Aim of the exercise ::
Output all entries below exactly as they are given.

Supplied entries ::
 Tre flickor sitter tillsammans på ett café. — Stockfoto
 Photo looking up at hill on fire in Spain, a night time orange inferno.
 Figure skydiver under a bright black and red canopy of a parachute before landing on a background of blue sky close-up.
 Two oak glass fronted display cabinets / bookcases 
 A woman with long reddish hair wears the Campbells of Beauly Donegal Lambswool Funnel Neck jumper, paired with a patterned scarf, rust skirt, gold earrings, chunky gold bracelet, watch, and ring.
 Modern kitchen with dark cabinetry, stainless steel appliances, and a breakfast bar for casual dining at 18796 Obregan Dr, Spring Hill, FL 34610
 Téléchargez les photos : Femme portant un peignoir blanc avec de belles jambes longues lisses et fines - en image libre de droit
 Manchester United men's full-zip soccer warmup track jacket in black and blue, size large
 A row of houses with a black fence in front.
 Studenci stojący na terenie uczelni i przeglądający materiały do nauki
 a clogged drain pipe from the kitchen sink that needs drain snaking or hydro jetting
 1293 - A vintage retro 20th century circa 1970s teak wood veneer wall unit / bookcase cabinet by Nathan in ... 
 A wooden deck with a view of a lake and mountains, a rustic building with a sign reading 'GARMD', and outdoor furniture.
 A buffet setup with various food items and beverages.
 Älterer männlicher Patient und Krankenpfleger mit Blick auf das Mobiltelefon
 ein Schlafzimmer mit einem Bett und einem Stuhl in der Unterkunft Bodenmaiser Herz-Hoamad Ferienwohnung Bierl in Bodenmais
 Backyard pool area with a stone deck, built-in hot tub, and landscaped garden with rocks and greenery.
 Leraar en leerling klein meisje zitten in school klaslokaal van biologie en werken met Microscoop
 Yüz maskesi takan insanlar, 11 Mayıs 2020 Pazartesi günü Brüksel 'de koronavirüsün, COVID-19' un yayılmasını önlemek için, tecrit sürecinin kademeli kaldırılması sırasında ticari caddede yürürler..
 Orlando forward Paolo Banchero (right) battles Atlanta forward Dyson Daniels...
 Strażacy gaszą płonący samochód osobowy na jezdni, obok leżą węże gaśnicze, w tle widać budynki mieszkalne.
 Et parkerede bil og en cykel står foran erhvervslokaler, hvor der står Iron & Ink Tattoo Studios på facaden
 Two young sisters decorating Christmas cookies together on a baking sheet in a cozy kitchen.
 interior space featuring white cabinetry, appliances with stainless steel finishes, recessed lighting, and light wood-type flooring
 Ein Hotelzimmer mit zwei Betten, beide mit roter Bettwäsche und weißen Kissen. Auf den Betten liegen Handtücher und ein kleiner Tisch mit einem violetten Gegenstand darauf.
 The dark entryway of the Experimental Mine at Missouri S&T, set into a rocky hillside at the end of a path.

Task result ::
 Tre flickor sitter tillsammans på ett café. — Stockfoto
 Photo looking up at hill on fire in Spain, a night time orange inferno.
 Figure skydiver under a bright black and red canopy of a parachute before landing on a background of blue sky close-up.
 Two oak glass fronted display cabinets / bookcases 
 A woman with long reddish hair wears the Campbells of Beauly Donegal Lambswool Funnel Neck jumper, paired with a patterned scarf, rust skirt, gold earrings, chunky gold bracelet, watch, and ring.
 Modern kitchen with dark cabinetry, stainless steel appliances, and a breakfast bar for casual dining at 18796 Obregan Dr, Spring Hill, FL 34610
 Téléchargez les photos : Femme portant un peignoir blanc avec de belles jambes longues lisses et fines - en image libre de droit
 Manchester United men's full-zip soccer warmup track jacket in black and blue, size large
 A row of houses with a black fence in front.
 Studenci stojący na terenie uczelni i przeglądający materiały do nauki
 a clogged drain pipe from the kitchen sink that needs drain snaking or hydro jetting
 1293 - A vintage retro 20th century circa 1970s teak wood veneer wall unit / bookcase cabinet by Nathan in ... 
 A wooden deck with a view of a lake and mountains, a rustic building with a sign reading 'GARMD', and outdoor furniture.
 A buffet setup with various food items and beverages.
 Älterer männlicher Patient und Krankenpfleger mit Blick auf das Mobiltelefon
 ein Schlafzimmer mit einem Bett und einem Stuhl in der Unterkunft Bodenmaiser Herz-Hoamad Ferienwohnung Bierl in Bodenmais
 Backyard pool area with a stone deck, built-in hot tub, and landscaped garden with rocks and greenery.
 Leraar en leerling klein meisje zitten in school klaslokaal van biologie en werken met Microscoop
 Yüz maskesi takan insanlar, 11 Mayıs 2020 Pazartesi günü Brüksel 'de koronavirüsün, COVID-19' un yayılmasını önlemek için, tecrit sürecinin kademeli kaldırılması sırasında ticari caddede yürürler..
 Orlando forward Paolo Banchero (right) battles Atlanta forward Dyson Daniels...
 Strażacy gaszą płonący samochód osobowy na jezdni, obok leżą węże gaśnicze, w tle widać budynki mieszkalne.
 Et parkerede bil og en cykel står foran erhvervslokaler, hvor der står Iron & Ink Tattoo Studios på facaden
 Two young sisters decorating Christmas cookies together on a baking sheet in a cozy kitchen.
 interior space featuring white cabinetry, appliances with stainless steel finishes, recessed lighting, and light wood-type flooring
 Ein Hotelzimmer mit zwei Betten, beide mit roter Bettwäsche und weißen Kissen. Auf den Betten liegen Handtücher und ein kleiner Tisch mit einem violetten Gegenstand darauf.
 The dark entryway of the Experimental Mine at Missouri S&T, set into a rocky hillside at the end of a path.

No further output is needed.